(Exercise) Please output the data below exactly as given, starting at its first line and stopping after the line that contains "Perfect Wings Eyeliner Stamp".

[Task material — start]

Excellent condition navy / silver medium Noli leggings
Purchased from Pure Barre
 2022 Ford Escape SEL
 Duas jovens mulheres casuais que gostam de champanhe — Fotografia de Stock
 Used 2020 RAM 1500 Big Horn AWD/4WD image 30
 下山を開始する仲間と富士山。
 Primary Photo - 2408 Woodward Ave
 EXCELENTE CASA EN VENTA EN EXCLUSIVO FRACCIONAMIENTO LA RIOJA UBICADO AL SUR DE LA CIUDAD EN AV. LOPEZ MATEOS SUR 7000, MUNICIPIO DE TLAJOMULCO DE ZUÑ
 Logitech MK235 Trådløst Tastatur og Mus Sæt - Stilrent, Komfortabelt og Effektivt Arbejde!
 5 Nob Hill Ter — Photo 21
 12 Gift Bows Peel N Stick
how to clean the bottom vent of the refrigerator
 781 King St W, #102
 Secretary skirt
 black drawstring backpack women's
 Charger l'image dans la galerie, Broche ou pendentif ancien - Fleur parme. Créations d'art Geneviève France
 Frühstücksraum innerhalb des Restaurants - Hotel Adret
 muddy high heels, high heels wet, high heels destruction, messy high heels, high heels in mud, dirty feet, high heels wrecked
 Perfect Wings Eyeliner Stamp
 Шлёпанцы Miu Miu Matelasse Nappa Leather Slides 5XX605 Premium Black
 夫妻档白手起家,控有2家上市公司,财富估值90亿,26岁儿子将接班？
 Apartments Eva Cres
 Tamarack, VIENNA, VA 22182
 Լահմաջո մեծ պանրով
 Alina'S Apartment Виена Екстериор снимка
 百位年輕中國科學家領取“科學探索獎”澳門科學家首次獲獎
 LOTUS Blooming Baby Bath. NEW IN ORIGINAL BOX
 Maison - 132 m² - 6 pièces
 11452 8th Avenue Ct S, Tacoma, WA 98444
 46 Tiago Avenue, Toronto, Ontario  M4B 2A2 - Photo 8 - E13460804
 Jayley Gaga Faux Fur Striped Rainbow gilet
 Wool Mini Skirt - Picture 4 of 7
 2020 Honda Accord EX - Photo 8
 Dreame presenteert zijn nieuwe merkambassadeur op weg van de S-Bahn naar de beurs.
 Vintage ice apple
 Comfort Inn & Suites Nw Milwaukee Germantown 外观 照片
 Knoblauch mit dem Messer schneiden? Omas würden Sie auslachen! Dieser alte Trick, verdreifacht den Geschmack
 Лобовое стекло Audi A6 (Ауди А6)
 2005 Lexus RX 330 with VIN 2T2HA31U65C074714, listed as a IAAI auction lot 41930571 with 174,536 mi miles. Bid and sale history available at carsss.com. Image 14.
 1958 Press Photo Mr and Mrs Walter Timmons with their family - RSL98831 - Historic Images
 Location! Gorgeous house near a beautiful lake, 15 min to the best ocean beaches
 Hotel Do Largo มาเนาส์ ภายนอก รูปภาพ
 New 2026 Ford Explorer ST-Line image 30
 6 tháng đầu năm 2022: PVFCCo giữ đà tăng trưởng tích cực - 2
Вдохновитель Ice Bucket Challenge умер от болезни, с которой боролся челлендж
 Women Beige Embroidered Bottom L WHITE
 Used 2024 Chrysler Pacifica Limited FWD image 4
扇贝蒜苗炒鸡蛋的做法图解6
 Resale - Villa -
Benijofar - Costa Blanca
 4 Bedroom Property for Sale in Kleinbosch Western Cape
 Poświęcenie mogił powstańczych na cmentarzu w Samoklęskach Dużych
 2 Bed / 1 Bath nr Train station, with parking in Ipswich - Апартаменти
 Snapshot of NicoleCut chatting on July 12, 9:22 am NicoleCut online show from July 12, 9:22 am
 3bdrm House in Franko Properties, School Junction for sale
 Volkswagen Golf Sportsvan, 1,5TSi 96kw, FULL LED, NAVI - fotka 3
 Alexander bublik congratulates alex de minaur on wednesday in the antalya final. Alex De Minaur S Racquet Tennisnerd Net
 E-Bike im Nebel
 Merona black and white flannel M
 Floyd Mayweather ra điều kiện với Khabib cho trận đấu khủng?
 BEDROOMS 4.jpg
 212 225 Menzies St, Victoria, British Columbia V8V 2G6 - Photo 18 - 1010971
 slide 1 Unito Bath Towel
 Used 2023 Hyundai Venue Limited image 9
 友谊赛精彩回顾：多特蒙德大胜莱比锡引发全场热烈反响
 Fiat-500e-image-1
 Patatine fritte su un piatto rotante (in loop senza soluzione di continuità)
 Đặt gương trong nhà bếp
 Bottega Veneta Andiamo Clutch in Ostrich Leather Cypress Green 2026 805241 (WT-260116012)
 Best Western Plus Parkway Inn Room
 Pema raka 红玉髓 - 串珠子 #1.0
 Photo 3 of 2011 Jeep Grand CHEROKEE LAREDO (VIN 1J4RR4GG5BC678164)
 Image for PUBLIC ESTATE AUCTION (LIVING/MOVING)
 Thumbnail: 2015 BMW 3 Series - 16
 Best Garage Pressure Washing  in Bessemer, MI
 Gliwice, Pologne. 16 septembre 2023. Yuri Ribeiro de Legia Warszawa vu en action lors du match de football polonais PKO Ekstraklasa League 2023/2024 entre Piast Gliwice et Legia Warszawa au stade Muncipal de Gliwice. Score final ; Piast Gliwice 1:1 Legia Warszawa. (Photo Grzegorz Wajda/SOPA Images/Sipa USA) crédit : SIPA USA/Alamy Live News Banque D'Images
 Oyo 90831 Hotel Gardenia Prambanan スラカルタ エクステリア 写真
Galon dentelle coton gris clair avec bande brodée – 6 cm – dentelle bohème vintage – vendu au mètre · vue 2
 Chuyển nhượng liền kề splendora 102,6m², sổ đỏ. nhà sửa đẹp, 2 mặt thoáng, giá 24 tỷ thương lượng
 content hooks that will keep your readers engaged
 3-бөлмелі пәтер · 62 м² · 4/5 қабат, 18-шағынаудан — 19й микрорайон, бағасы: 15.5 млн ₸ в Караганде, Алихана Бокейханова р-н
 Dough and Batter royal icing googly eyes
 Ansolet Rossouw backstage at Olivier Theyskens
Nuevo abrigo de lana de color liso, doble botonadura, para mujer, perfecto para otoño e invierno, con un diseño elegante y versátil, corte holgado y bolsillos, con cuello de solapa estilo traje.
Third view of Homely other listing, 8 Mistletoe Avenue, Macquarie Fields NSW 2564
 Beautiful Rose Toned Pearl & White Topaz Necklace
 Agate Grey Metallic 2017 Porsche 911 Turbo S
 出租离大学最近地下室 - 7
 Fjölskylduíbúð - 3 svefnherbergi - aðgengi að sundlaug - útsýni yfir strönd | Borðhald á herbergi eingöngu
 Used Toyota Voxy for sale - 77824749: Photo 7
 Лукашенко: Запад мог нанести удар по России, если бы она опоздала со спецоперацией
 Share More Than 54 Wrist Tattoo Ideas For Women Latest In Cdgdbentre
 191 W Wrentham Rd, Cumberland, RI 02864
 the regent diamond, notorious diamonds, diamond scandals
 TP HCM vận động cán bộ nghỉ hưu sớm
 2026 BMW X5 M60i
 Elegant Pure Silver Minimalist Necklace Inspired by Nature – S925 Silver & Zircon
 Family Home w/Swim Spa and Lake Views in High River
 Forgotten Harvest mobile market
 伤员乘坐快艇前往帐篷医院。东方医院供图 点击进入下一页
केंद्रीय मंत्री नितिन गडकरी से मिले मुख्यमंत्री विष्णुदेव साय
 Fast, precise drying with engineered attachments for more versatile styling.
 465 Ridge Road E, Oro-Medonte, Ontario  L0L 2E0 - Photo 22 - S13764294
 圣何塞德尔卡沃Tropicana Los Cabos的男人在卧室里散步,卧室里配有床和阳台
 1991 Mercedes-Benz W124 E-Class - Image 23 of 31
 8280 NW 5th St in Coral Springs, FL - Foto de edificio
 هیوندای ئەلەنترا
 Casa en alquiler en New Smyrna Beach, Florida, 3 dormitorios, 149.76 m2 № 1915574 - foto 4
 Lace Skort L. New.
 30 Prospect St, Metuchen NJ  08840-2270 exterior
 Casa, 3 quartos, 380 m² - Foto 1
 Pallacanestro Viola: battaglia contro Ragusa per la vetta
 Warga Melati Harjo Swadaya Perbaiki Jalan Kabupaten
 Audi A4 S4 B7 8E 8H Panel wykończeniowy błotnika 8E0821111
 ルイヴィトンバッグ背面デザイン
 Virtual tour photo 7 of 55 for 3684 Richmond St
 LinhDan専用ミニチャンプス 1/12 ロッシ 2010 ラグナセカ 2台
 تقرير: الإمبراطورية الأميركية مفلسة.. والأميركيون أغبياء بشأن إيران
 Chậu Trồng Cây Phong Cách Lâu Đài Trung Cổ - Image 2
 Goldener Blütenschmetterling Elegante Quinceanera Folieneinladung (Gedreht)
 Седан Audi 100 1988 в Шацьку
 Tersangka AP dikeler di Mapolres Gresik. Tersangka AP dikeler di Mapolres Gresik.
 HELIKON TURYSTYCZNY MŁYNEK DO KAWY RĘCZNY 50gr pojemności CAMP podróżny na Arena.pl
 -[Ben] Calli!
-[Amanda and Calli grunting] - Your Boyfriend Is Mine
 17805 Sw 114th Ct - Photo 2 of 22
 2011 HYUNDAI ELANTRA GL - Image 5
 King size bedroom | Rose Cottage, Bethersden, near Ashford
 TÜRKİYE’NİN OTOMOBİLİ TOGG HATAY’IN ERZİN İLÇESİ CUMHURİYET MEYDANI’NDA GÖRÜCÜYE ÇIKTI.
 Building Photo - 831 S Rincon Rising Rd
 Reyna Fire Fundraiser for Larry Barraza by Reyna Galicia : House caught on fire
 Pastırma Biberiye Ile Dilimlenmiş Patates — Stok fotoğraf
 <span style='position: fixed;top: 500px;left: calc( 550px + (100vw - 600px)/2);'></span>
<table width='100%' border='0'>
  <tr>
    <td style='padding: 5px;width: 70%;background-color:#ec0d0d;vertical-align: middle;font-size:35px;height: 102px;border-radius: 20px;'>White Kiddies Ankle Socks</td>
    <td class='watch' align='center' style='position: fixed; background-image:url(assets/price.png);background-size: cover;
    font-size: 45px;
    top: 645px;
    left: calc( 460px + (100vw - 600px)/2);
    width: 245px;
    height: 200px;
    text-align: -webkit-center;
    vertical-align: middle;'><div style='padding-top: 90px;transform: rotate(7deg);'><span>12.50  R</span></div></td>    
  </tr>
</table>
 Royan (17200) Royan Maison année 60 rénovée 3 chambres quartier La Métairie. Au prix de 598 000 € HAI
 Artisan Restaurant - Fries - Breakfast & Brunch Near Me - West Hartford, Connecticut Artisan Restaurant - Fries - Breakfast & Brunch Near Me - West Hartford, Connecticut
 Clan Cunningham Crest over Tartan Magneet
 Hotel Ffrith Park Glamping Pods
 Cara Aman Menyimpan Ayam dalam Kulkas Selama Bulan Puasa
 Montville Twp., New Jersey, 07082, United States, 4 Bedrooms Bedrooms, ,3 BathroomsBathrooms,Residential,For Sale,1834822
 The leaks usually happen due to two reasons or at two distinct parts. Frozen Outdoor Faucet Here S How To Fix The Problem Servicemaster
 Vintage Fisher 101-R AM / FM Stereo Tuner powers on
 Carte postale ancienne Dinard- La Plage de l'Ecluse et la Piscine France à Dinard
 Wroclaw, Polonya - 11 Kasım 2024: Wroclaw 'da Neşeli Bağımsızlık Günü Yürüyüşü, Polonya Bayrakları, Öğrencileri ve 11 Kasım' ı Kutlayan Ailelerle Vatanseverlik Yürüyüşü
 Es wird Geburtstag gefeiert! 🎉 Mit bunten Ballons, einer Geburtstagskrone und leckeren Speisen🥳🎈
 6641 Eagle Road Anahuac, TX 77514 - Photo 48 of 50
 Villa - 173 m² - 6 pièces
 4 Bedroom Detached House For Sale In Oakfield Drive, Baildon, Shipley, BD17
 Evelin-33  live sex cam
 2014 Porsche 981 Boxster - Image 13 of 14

[Task material — finish]

(Exercise answer)
Excellent condition navy / silver medium Noli leggings
Purchased from Pure Barre
 2022 Ford Escape SEL
 Duas jovens mulheres casuais que gostam de champanhe — Fotografia de Stock
 Used 2020 RAM 1500 Big Horn AWD/4WD image 30
 下山を開始する仲間と富士山。
 Primary Photo - 2408 Woodward Ave
 EXCELENTE CASA EN VENTA EN EXCLUSIVO FRACCIONAMIENTO LA RIOJA UBICADO AL SUR DE LA CIUDAD EN AV. LOPEZ MATEOS SUR 7000, MUNICIPIO DE TLAJOMULCO DE ZUÑ
 Logitech MK235 Trådløst Tastatur og Mus Sæt - Stilrent, Komfortabelt og Effektivt Arbejde!
 5 Nob Hill Ter — Photo 21
 12 Gift Bows Peel N Stick
how to clean the bottom vent of the refrigerator
 781 King St W, #102
 Secretary skirt
 black drawstring backpack women's
 Charger l'image dans la galerie, Broche ou pendentif ancien - Fleur parme. Créations d'art Geneviève France
 Frühstücksraum innerhalb des Restaurants - Hotel Adret
 muddy high heels, high heels wet, high heels destruction, messy high heels, high heels in mud, dirty feet, high heels wrecked
 Perfect Wings Eyeliner Stamp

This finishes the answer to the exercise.